Abstract
Macromolecular crowding is known to modulate chemical equilibria, reaction rates, and molecular binding events, both in aqueous solutions and at lipid bilayer membranes, natural barriers that enclose the crowded environments of cells and their subcellular compartments. Previous studies on the effects of macromolecular crowding in aqueous compartments on conduction through membranes have focused on single-channel ionic conduction through previously formed pores at thermodynamic equilibrium. Here, the effects of macromolecular crowding on the mechanism of pore formation itself were studied using the droplet interface bilayer (DIB) technique with the voltage-dependent pore-forming peptide alamethicin (alm).

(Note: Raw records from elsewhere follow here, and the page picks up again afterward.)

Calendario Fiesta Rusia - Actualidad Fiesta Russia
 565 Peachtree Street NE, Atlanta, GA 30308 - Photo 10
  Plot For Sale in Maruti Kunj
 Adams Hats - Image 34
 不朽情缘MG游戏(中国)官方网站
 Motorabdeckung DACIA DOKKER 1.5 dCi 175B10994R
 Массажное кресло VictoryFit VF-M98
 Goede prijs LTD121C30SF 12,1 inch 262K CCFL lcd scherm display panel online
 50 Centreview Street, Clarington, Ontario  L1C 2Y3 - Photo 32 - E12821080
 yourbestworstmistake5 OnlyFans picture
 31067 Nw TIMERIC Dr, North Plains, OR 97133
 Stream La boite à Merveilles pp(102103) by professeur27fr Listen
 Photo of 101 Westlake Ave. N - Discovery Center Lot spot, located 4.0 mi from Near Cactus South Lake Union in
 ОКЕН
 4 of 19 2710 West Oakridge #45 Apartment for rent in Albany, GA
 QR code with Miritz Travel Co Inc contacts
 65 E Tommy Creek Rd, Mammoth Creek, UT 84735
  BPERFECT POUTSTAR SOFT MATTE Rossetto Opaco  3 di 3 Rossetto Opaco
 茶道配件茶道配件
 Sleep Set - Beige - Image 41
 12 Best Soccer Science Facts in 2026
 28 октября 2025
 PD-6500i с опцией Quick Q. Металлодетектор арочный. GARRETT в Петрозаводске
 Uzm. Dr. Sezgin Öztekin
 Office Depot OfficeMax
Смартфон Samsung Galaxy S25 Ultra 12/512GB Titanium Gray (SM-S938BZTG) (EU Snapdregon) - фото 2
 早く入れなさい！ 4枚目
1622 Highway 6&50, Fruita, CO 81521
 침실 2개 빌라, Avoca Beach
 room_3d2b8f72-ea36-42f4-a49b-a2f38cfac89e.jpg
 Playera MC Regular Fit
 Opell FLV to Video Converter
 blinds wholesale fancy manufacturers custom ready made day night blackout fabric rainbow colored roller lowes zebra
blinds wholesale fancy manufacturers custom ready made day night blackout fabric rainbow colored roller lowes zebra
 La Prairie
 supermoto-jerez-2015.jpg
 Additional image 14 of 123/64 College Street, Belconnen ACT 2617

Macromolecular crowding was varied using 8 kDa molecular weight polyethylene glycol (PEG8k) or 500 kDa dextran (DEX500k) in two aqueous droplets on both sides of the bilayer membrane. In general, voltage thresholds for pore formation in the presence of crowders in the droplets decreased compared to their values in the absence of crowders, due to excluded volume effects, water binding by PEG, and changes in the ordering of water molecules and hydrogen-bonding interactions involving the polar lipid headgroups. In addition, asymmetric crowder loading (e.g., PEG8k-DEX500k on either side of the membrane) resulted in transmembrane osmotic pressure gradients that either enhanced or degraded the ionic conduction through the pores.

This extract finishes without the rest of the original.